[Given data]

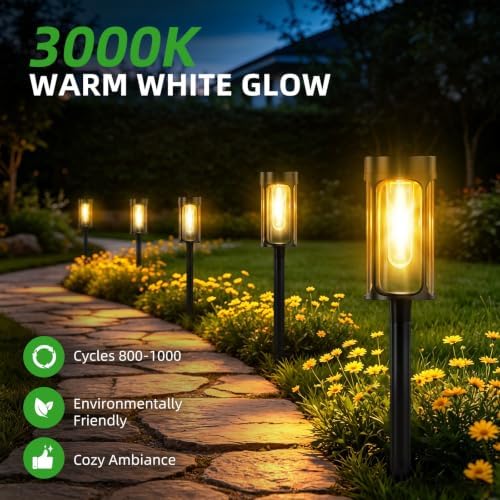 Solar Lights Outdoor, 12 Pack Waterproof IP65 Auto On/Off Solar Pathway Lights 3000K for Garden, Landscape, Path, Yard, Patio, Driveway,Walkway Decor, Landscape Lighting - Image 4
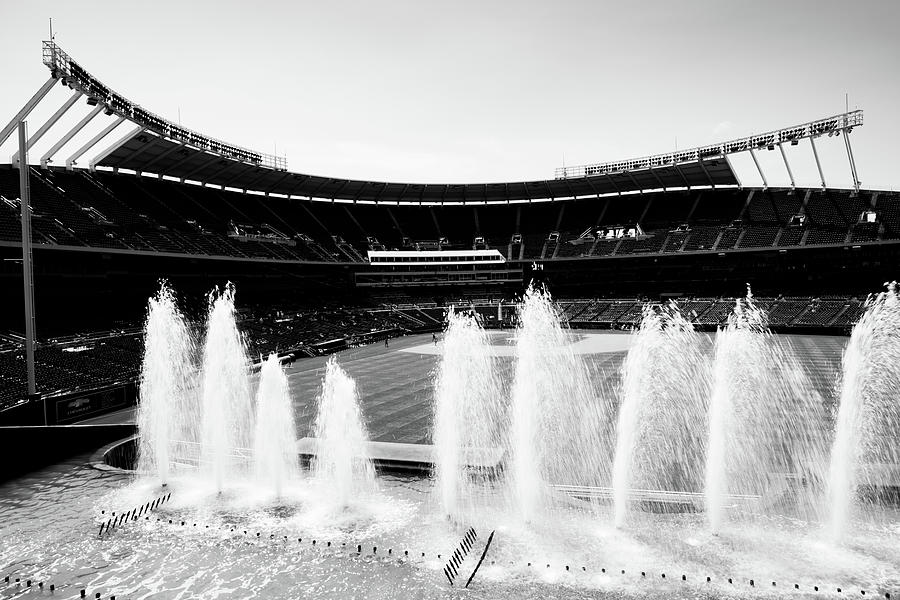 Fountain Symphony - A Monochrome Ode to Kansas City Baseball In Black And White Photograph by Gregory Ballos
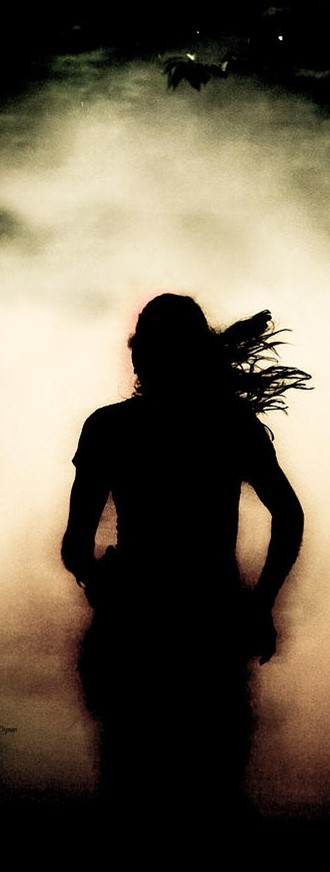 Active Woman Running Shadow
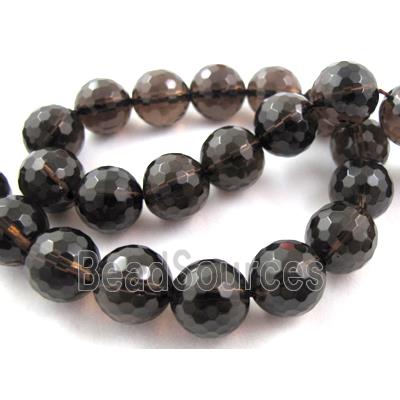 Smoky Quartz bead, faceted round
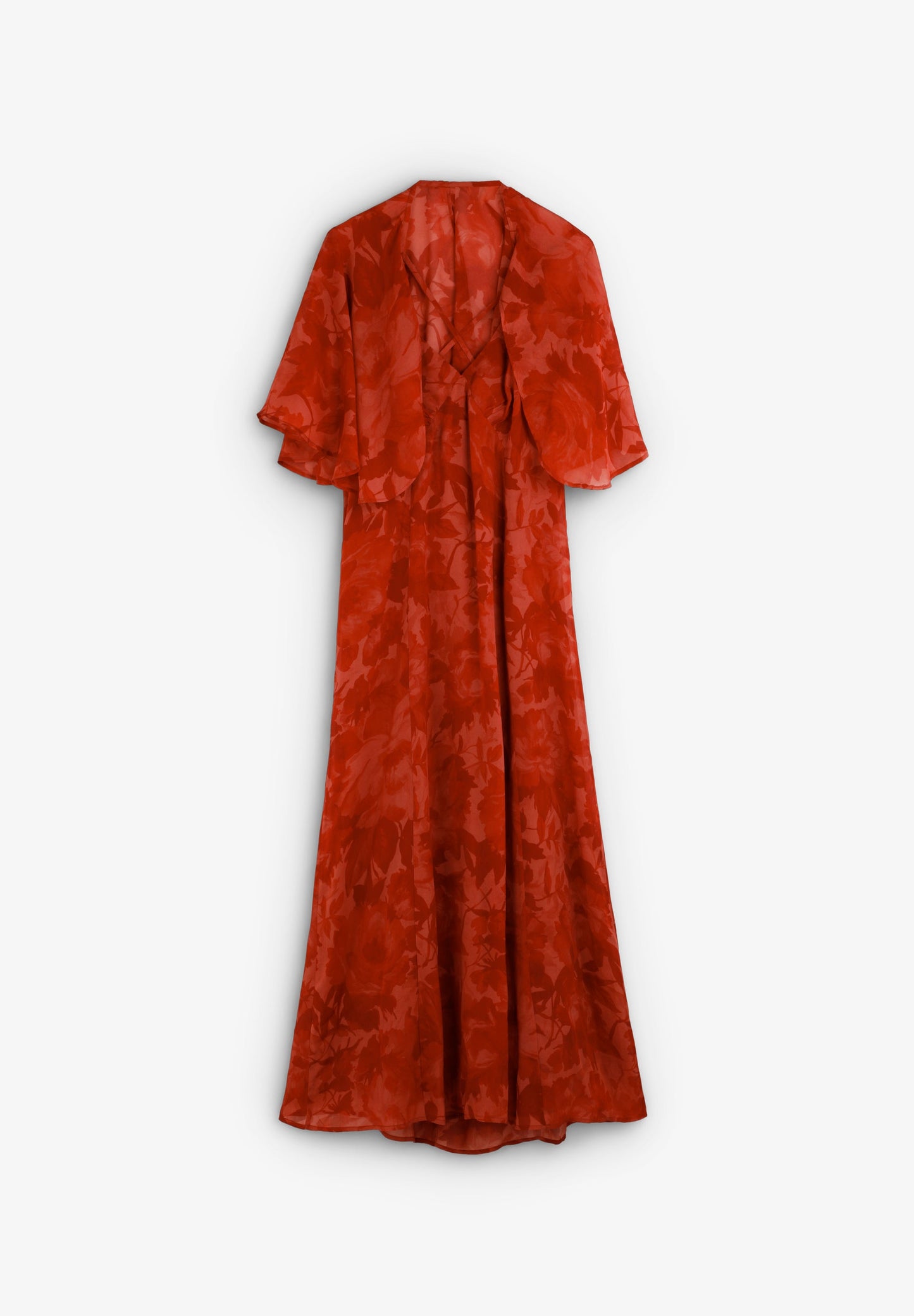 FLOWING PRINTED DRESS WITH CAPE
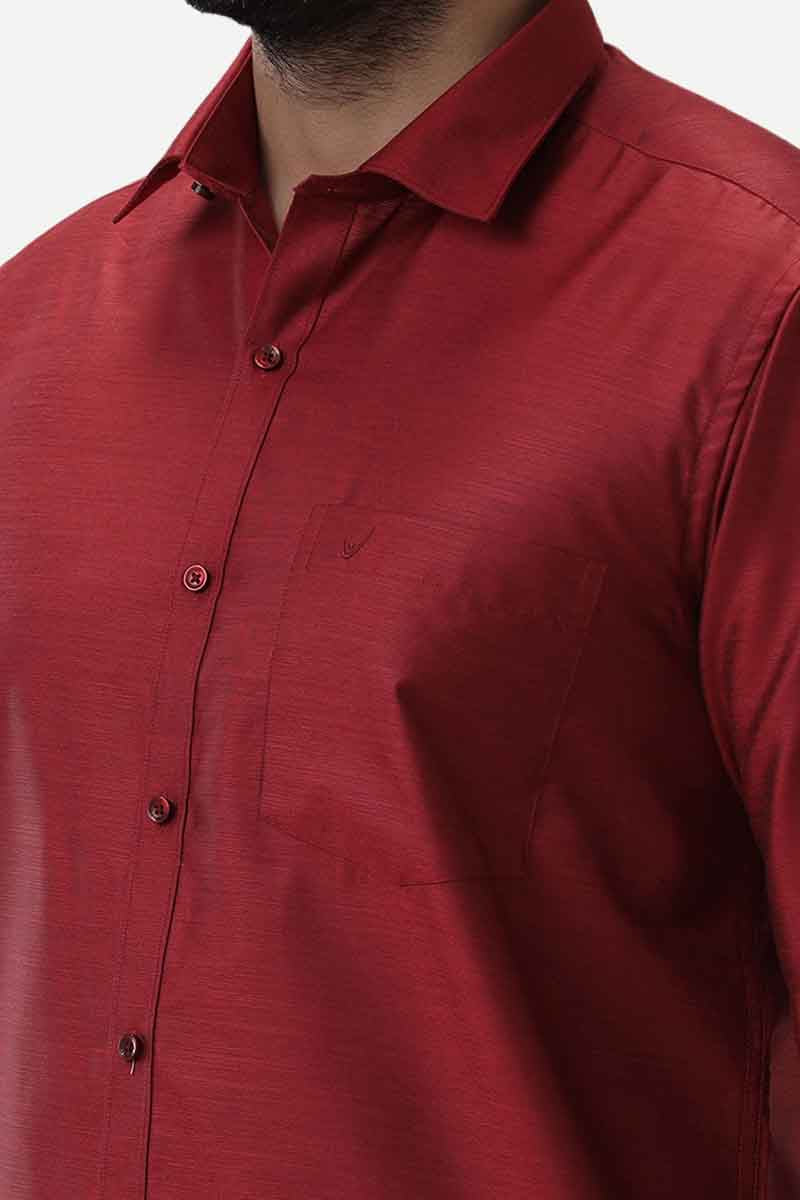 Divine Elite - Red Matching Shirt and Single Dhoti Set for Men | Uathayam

[/Given data]

With the pictures excluded, restate the material exactly as it stands.

● Your response
 Solar Lights Outdoor, 12 Pack Waterproof IP65 Auto On/Off Solar Pathway Lights 3000K for Garden, Landscape, Path, Yard, Patio, Driveway,Walkway Decor, Landscape Lighting - Image 4
 Fountain Symphony - A Monochrome Ode to Kansas City Baseball In Black And White Photograph by Gregory Ballos
 Active Woman Running Shadow
 Smoky Quartz bead, faceted round
 FLOWING PRINTED DRESS WITH CAPE
 Divine Elite - Red Matching Shirt and Single Dhoti Set for Men | Uathayam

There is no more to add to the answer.